You need @Nerds_feather for that!


----------



## Tim Murray (Feb 7, 2016)

Brian Turner said:


> Twitter has been filled with nomination ideas for this year's Hugo Awards.
> 
> Very interesting to see our own Jo Zebedee recommended for a nomination on the website 2016 Hugo Recommendation Season for her excellent *Inish Carraig*, a dramatic post-invasion science fiction thriller: Best Novel Recs - Part 1
> 
> ...


Congrats to Jo, may the force be with you, and every other positive cliche in the book!


----------



## Jo Zebedee (Feb 7, 2016)

Juliana said:


> You need @Nerds_feather for that!



I do! Especially because I'm also listed in the Campbell award (confirmed last night) and know nothing!


----------



## Tim Murray (Feb 8, 2016)

Jo Zebedee said:


> I do! Especially because I'm also listed in the Campbell award (confirmed last night) and know nothing!


Can I say I knew you when...at least in digital form. You deserve the credit for your years of hard work, congrats!


----------



## johnnyjet (Feb 8, 2016)

Congratulations, Jo!  Awesome news!


----------



## Jo Zebedee (Feb 8, 2016)

Thanks! I think, to be honest, the Hugo thing is a nice-thing-to-have-happen and amazing for a self published, unagented, book but won't go any further (unless I can bribe many, many worldcon members...)

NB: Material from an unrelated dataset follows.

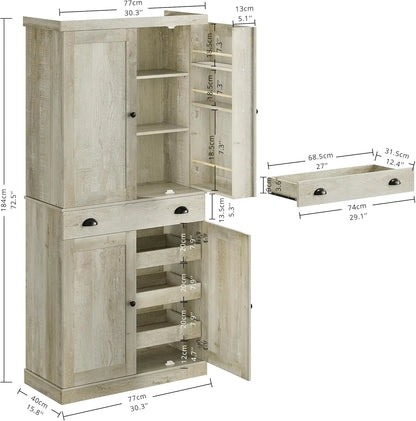 Pantry Cabinet 72" Height, Freestanding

The Campbell award, though, is slightly different. In getting eligibility (from a pro-rate sale) I have that for two years. So, I did this page on my website to link from their page to. I'm not sure if the links are enough or if I should also have the books' blurb up, too, and am musing on that. 

CAMPBELL AWARD |

By this stage next year, I should have more or less doubled what I have out, with at least 3 more short stories and one anthology, so I hope that by second year eligibility I might look like someone-of-interest.


----------



## Kylara (Feb 8, 2016)

Congrats Jo, being listed is fabulous. Definitley need Nerds for a "how this all actually works" post! 

Being mentioned is helpful in itself  Hard work paying off for you!

I always mean to read all the nominations for the Hugo and Nebula awards, but so far have only managed a few over the years, and I have the Nebula anthology from '09 (still unfinished - it's a bathroom book '09 was not a very good year)

If you are proper nominated then I shall endeavour to help bribe worldcon members with you


----------



## ratsy (Feb 8, 2016)

This is really cool stuff Jo. The Campbell page you did up looks great!


----------



## millymollymo (Feb 8, 2016)

Oh look Jo, a bucket load of people waiting to tell you "Told you so"


----------



## Susan Boulton (Feb 9, 2016)

Jo Zebedee said:


> Thanks, Brian. Very unexpected here and a nice surprise to wake up to. I'm not exactly sure how it all works and where the rec blogs fit into the scheme of things - if anyone knows a lowdown it would be cool!



Take a look here, Jo. You need to be either an attending or supporting member of World Con. I voted when I attended Loncon3 back in 2014.

And many congrats!!!


----------



## Cat's Cradle (Feb 9, 2016)

How exciting!!   Congrats, Jo, and well deserved. Amazingly wonderful! CC


----------